*Problem:*
The records are to be restated in their entirety, word for word.

________________________________________

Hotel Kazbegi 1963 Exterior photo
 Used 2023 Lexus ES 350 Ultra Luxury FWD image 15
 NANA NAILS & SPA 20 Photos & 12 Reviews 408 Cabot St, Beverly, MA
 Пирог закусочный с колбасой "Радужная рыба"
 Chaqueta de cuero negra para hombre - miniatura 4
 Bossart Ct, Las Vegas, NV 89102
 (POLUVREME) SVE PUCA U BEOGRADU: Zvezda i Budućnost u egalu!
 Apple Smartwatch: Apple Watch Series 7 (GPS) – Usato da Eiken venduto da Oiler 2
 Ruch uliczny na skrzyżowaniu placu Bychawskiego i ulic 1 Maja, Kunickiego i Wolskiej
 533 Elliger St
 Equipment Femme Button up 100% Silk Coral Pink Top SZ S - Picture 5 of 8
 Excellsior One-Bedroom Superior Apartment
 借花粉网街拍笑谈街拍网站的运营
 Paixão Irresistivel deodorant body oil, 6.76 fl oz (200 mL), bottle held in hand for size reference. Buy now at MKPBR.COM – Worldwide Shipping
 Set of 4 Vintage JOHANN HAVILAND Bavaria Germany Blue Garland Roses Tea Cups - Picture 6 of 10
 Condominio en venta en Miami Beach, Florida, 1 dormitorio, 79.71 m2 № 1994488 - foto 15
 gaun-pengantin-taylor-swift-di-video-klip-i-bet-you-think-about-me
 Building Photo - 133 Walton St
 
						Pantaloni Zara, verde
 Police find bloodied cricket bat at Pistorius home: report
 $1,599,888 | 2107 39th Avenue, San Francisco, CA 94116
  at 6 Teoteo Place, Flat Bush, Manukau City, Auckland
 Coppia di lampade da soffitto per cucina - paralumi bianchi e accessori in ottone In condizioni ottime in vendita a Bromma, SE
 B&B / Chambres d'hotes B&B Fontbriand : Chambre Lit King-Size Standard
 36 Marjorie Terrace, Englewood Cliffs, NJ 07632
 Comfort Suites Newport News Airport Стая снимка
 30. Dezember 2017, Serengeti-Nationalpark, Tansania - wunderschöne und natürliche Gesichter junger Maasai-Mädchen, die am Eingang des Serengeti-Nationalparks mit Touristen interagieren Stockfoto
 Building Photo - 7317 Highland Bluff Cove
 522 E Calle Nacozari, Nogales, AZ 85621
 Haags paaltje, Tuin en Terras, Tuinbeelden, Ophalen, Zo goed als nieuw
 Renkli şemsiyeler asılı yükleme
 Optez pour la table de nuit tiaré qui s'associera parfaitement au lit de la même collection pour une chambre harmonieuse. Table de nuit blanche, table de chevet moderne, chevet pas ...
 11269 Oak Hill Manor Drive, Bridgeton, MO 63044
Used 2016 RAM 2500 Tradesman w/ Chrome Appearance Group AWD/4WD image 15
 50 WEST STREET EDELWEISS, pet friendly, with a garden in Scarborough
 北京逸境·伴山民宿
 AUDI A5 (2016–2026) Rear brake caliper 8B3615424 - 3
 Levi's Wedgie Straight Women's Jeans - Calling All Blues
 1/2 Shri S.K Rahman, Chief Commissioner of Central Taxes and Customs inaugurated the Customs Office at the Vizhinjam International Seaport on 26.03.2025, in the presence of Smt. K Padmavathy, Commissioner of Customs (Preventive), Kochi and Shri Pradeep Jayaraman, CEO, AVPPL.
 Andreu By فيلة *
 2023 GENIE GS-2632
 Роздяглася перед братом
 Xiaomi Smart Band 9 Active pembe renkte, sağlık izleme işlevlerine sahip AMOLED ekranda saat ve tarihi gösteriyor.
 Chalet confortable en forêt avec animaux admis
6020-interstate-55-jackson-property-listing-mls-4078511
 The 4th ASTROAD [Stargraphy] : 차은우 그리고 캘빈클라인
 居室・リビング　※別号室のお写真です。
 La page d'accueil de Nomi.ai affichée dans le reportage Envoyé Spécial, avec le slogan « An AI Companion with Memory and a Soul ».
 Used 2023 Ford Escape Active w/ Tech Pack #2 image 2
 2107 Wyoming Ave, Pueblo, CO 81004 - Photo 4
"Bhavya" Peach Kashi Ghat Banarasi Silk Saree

________________________________________

*Response to this task:*
Hotel Kazbegi 1963 Exterior photo
 Used 2023 Lexus ES 350 Ultra Luxury FWD image 15
 NANA NAILS & SPA 20 Photos & 12 Reviews 408 Cabot St, Beverly, MA
 Пирог закусочный с колбасой "Радужная рыба"
 Chaqueta de cuero negra para hombre - miniatura 4
 Bossart Ct, Las Vegas, NV 89102
 (POLUVREME) SVE PUCA U BEOGRADU: Zvezda i Budućnost u egalu!
 Apple Smartwatch: Apple Watch Series 7 (GPS) – Usato da Eiken venduto da Oiler 2
 Ruch uliczny na skrzyżowaniu placu Bychawskiego i ulic 1 Maja, Kunickiego i Wolskiej
 533 Elliger St
 Equipment Femme Button up 100% Silk Coral Pink Top SZ S - Picture 5 of 8
 Excellsior One-Bedroom Superior Apartment
 借花粉网街拍笑谈街拍网站的运营
 Paixão Irresistivel deodorant body oil, 6.76 fl oz (200 mL), bottle held in hand for size reference. Buy now at MKPBR.COM – Worldwide Shipping
 Set of 4 Vintage JOHANN HAVILAND Bavaria Germany Blue Garland Roses Tea Cups - Picture 6 of 10
 Condominio en venta en Miami Beach, Florida, 1 dormitorio, 79.71 m2 № 1994488 - foto 15
 gaun-pengantin-taylor-swift-di-video-klip-i-bet-you-think-about-me
 Building Photo - 133 Walton St
 
						Pantaloni Zara, verde
 Police find bloodied cricket bat at Pistorius home: report
 $1,599,888 | 2107 39th Avenue, San Francisco, CA 94116
  at 6 Teoteo Place, Flat Bush, Manukau City, Auckland
 Coppia di lampade da soffitto per cucina - paralumi bianchi e accessori in ottone In condizioni ottime in vendita a Bromma, SE
 B&B / Chambres d'hotes B&B Fontbriand : Chambre Lit King-Size Standard
 36 Marjorie Terrace, Englewood Cliffs, NJ 07632
 Comfort Suites Newport News Airport Стая снимка
 30. Dezember 2017, Serengeti-Nationalpark, Tansania - wunderschöne und natürliche Gesichter junger Maasai-Mädchen, die am Eingang des Serengeti-Nationalparks mit Touristen interagieren Stockfoto
 Building Photo - 7317 Highland Bluff Cove
 522 E Calle Nacozari, Nogales, AZ 85621
 Haags paaltje, Tuin en Terras, Tuinbeelden, Ophalen, Zo goed als nieuw
 Renkli şemsiyeler asılı yükleme
 Optez pour la table de nuit tiaré qui s'associera parfaitement au lit de la même collection pour une chambre harmonieuse. Table de nuit blanche, table de chevet moderne, chevet pas ...
 11269 Oak Hill Manor Drive, Bridgeton, MO 63044
Used 2016 RAM 2500 Tradesman w/ Chrome Appearance Group AWD/4WD image 15
 50 WEST STREET EDELWEISS, pet friendly, with a garden in Scarborough
 北京逸境·伴山民宿
 AUDI A5 (2016–2026) Rear brake caliper 8B3615424 - 3
 Levi's Wedgie Straight Women's Jeans - Calling All Blues
 1/2 Shri S.K Rahman, Chief Commissioner of Central Taxes and Customs inaugurated the Customs Office at the Vizhinjam International Seaport on 26.03.2025, in the presence of Smt. K Padmavathy, Commissioner of Customs (Preventive), Kochi and Shri Pradeep Jayaraman, CEO, AVPPL.
 Andreu By فيلة *
 2023 GENIE GS-2632
 Роздяглася перед братом
 Xiaomi Smart Band 9 Active pembe renkte, sağlık izleme işlevlerine sahip AMOLED ekranda saat ve tarihi gösteriyor.
 Chalet confortable en forêt avec animaux admis
6020-interstate-55-jackson-property-listing-mls-4078511
 The 4th ASTROAD [Stargraphy] : 차은우 그리고 캘빈클라인
 居室・リビング　※別号室のお写真です。
 La page d'accueil de Nomi.ai affichée dans le reportage Envoyé Spécial, avec le slogan « An AI Companion with Memory and a Soul ».
 Used 2023 Ford Escape Active w/ Tech Pack #2 image 2
 2107 Wyoming Ave, Pueblo, CO 81004 - Photo 4
"Bhavya" Peach Kashi Ghat Banarasi Silk Saree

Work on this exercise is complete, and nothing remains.